A Great Match At Base Ball.--This afternoon, at 2 o’clock, the New York Bass Ball Club play a match at ball with the Brooklyn Club at the Elysian Fields, Hoboken. The interest attached to this match will attract large numbers from this and the neighboring city.
—The Brooklyn Daily Eagle, 21 Oct., 1845
However, this is far from the earliest use of the word, and is not even the earliest use of the word in North America. Base-ball may be found in North American use at least as far back as 1791, when a hand-written bylaw was presented at a town hall in Pittsfield, Massachusetts, with the intent of preventing ball games from breaking the windows of the new meeting house in that city. An image of the original document can be found on the Berkshire Athenaeum’s website.
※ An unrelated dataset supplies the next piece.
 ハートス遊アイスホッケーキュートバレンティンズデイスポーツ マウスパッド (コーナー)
Be it ordained by the said Inhabitants that no Person, an Inhabitant of said Town, shall be permitted to play at any Game called Wicket, Cricket, Baseball, Batball, Football, Cat, Fives or any other Game or Games with Balls within the Distance of Eighty Yards from said Meeting House __ and every such Person who shall play at any of the said Games or other Games with Balls within the Distance aforesaid, shall for any Instance thereof, forfeit the Sum of five schillings to be recovered by Action of Debt brought before any Justice of the Peace to the Use of the Person who shall sue and prosecute therefor _____
—ByeLaw for the Preservation of the Windows in the New Meeting House, 5 Sept. 1791
Although this is the earliest known use of the word in a North American source, it is not a great candidate for the title of "first use of baseball." The word did have another life before referring to our national pastime of gradual inebriation, yelling at umpires, and watching men hit and catch a small ball. The thing that makes it so confusing is that earlier uses of baseball were used to describe a game that originated in Britain, and which also had balls, bases, and bats (this form of baseball is commonly called rounders).
There are a number of other instances in which baseball comes up in North American sources prior to its use in The Brooklyn Daily Eagle, although most lexicographers do not accept this as evidence of the sport’s name in its modern incarnation.
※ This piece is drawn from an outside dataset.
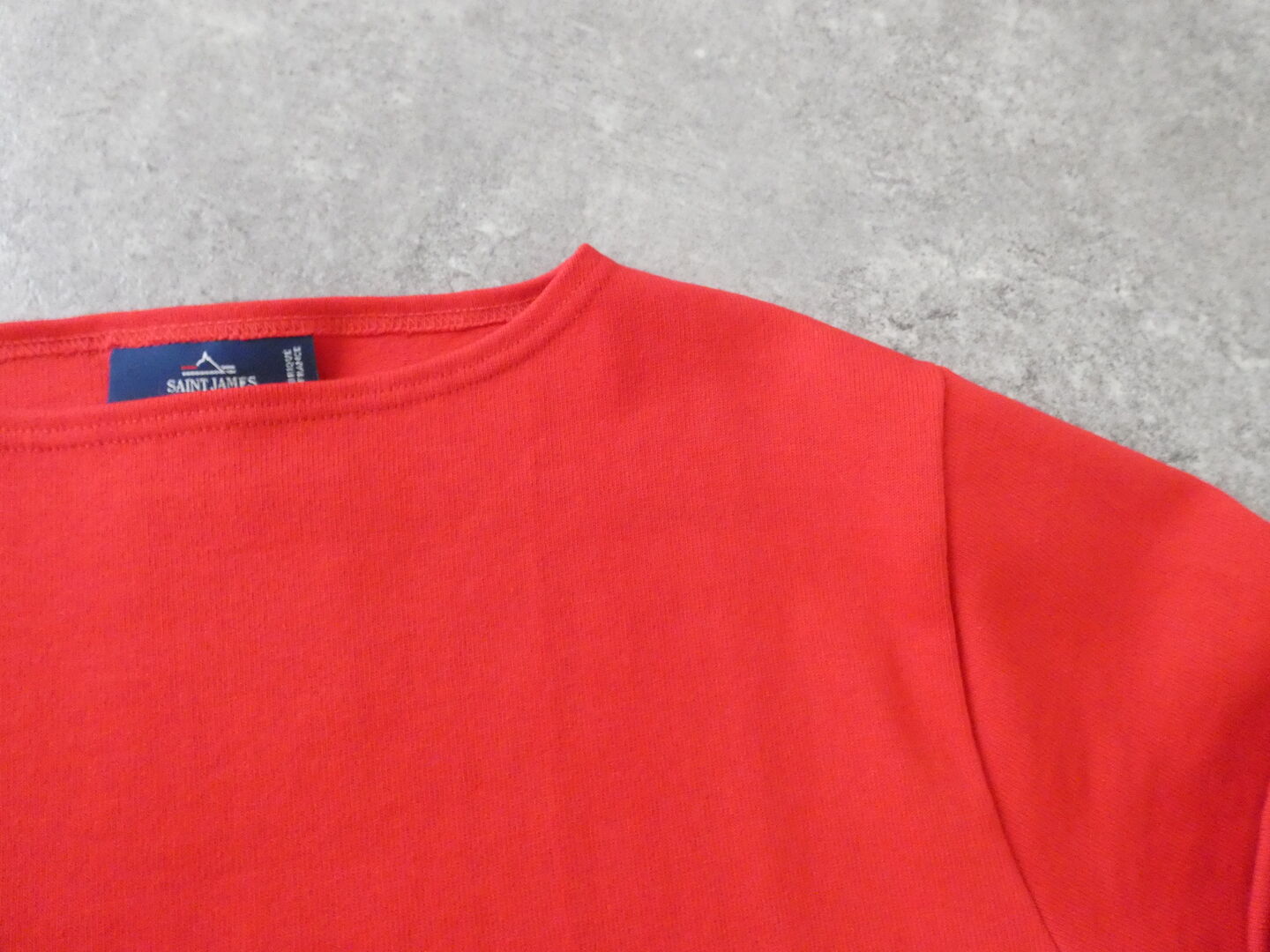 SAINT JAMES(セントジェームス) ひじパッチボーダーカットソー ウェッソン エルボーパッチ　TULIPE/NEIGE×NOIRの商品画像23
Then comes a sun burnt gipsy of six, beginning to grow tall and this, and to find the case of the world gathering about her … her longing eyes fixed on a game of base ball at the corner of the green, till she reaches the cottage door, flings down the mop and pitcher, and darts off to her companions.
—The Souvenir (Philadelphia, PA), 10 Sept., 1828
The Males are also engaged at bowls, quoits, bass-ball, fishing, fancy painting, walking, dancing, reading, swinging and throwing the ring, &c.
—New England Spectator: A Family Paper, Designed to Promote the Study of the Bible, Family Religion, Active Piety, the Abolition of War, Slavery, Licentiousness, &c. and the Circulation of Useful Intelligence, 22 Mar., 1837
So what is the earliest use of the older variant of baseball? It’s a bit confusing. There is assumed evidence that the word was in use since 1744, when the first edition of a book titled A Little Pretty Pocket-Book was thought to have included the word (“they divert themselves at base-ball”). However, there are no copies of the first nine editions of this work extant; the earliest surviving edition is from 1760. The Oxford English Dictionary does have a citation for the British variety of base-ball from 1748, written in a letter.
So which one of these is the earliest use of baseball? That all depends on which sense of the word you are interested in finding the first use of. It should be noted, however, that it is highly unlikely that we have found the earliest reference ever made to this sport, and so the first known use of the word may change. This has happened in the recent past: the second edition of the Oxford English Dictionary (published in 1989) had a citation from Jane Austen’s Northanger Abbey (1817) as their earliest known evidence of the word baseball (“and it was not very wonderful that Catherine, who had by nature nothing heroic about her, should prefer cricket, base ball….”)
The OED never made any claim that Austen invented the word, but that did not stop a number of people from assuming that this somewhat improbable event had happened. We do not know who first compounded the nouns base and ball, any more than we know who first took a stick and hit a ball with it. We may never have the answer to the question of where baseball comes from, and should perhaps come to terms with the word’s enduring mystery. If you feel the need of having some degree of certainty in this matter, there is one thing that we can tell you with finality: Jane Austen did not invent it.